• [What to work on]:
Repeat the listing below exactly from the line with "Emma Bridgewater Black" through its last line. Skip every picture.

• [Input data]:
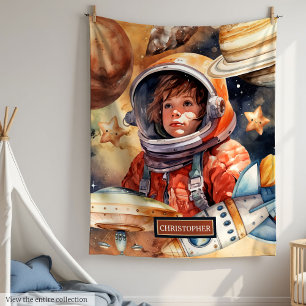Astronaut and Planets Blanket Personalized Kids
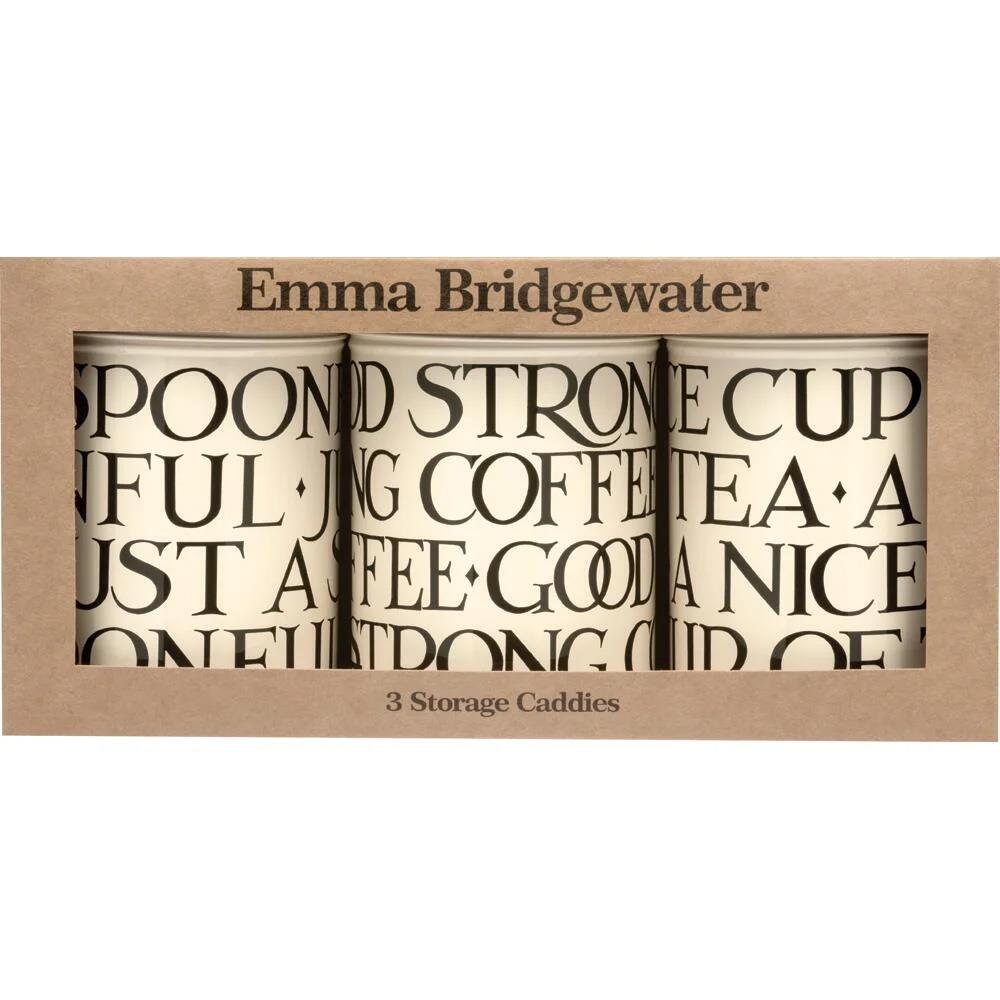 Emma Bridgewater Black Toast Set Of 3 Caddies - Coffee, Tea, Sugar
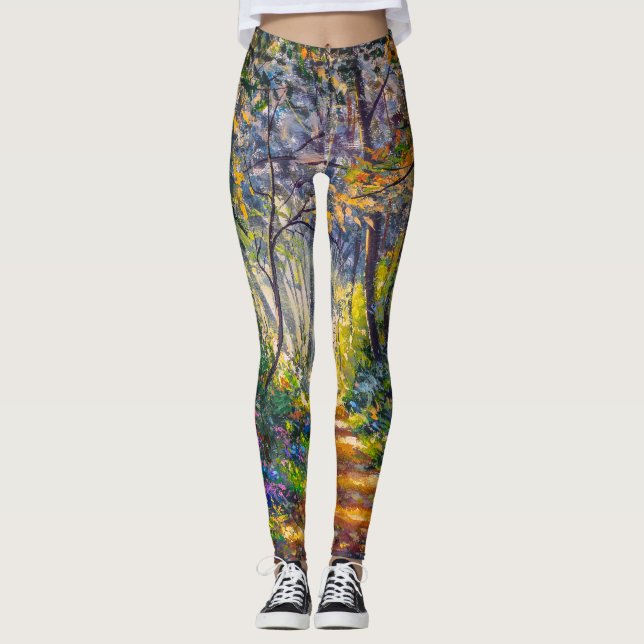 Legging Caminho do Impressionismo: Aquarela da Floresta Su (Frente)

• [Result of the task]:
 Emma Bridgewater Black Toast Set Of 3 Caddies - Coffee, Tea, Sugar
 Legging Caminho do Impressionismo: Aquarela da Floresta Su (Frente)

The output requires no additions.